Backstop da Nvidia cobre locação em Ohio
Pelo desenho em discussão, a OpenAI poderia captar recursos lastreados no crédito da Nvidia para erguer um campus de 10 gigawatts em Pike County, Ohio. A garantia abrangeria obrigações de aluguel e de construção, mas deixaria de fora os processadores que irão equipar os prédios.
A OpenAI precisa desse suporte porque ainda é deficitária e não possui rating de crédito em grau de investimento, o referencial usado por credores antes de assumirem dívida de longo prazo.

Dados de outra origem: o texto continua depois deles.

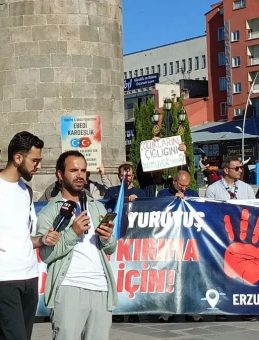 Erzurum’da Sağlık Çalışanları 84 Haftadır Gazze İçin Yürüyor
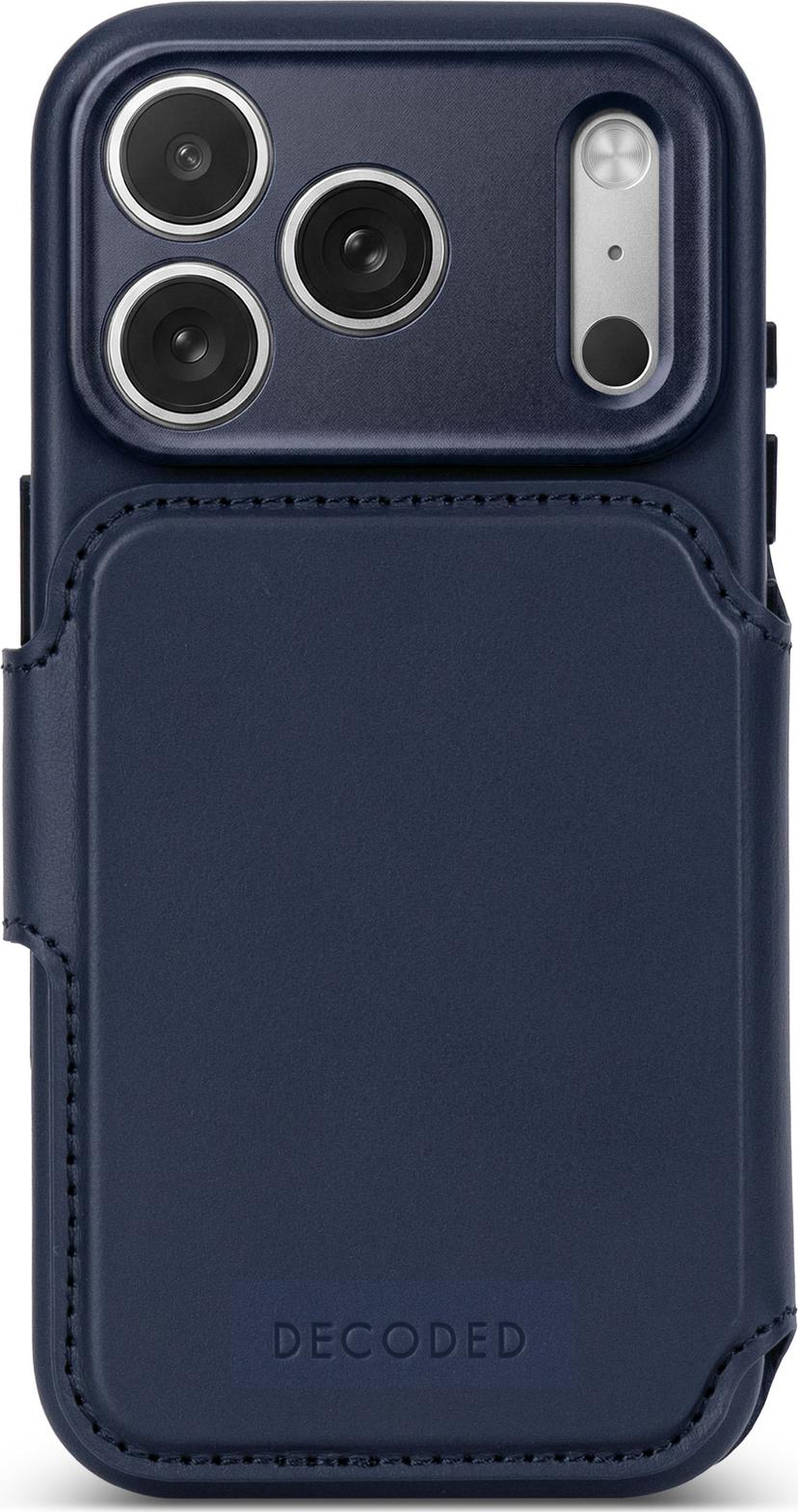 Decoded Leather Detachable Wallet iPhone 18 Pro Midnatt
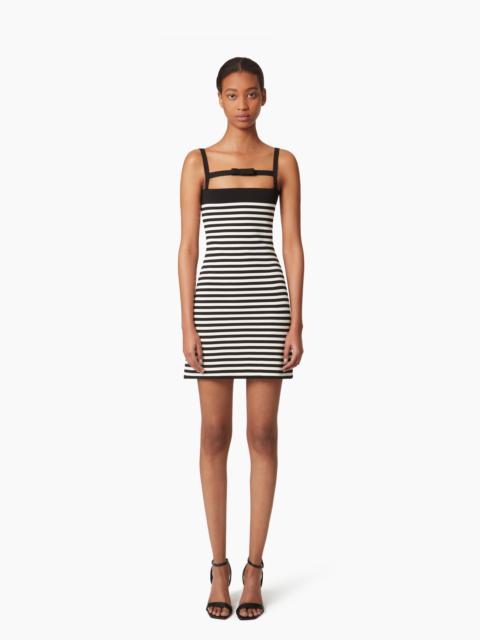 STRIPED KNIT DRESS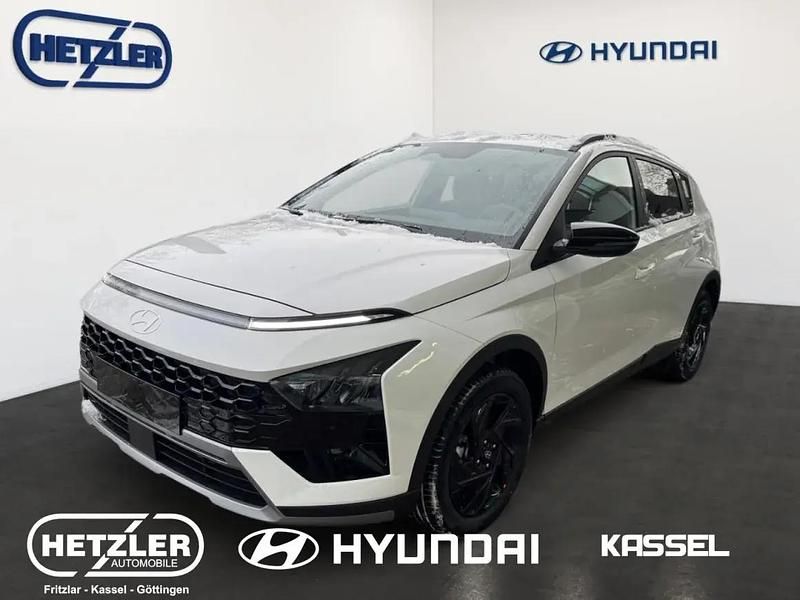 Atlas white / sol Neu 2026 Hyundai Bayon Blackline SUV | 29.990 € (Teuer) - Bild 1/1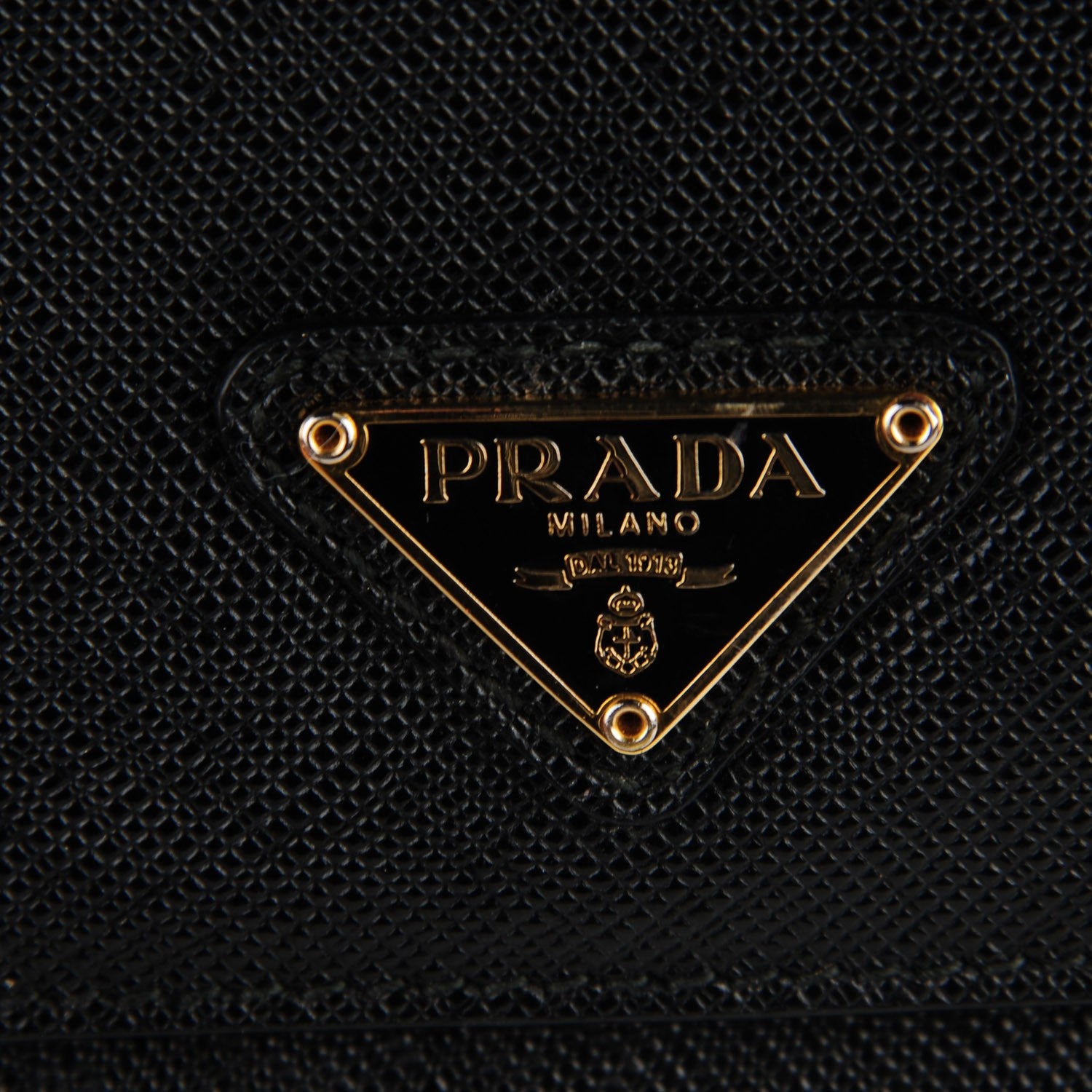 Prada Saffiano Lux Chain Shoulder Bag Black 5 of 10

A unidade de energia da SoftBank, a SB Energy, é a desenvolvedora do local — uma antiga planta de enriquecimento de urânio desativada, cerca de 80 quilômetros ao sul de Columbus, onde as obras começaram em março. Os custos totais podem superar US$ 500 bilhões quando se inclui o hardware de computação, o que faria deste o maior projeto de data center já anunciado.
Dez gigawatts equivalem aproximadamente ao consumo anual de eletricidade de 8 milhões de lares americanos, e a primeira fase, de cerca de 800 megawatts, está prevista para entrar em operação em 2028. As autoridades federais controlam o fornecimento de energia, e o Japão concordou em financiar um projeto de gás natural no terreno como parte de um recente acordo comercial.
A Nvidia preferiu não comentar, e pessoas a par das negociações afirmam que os termos ainda podem mudar.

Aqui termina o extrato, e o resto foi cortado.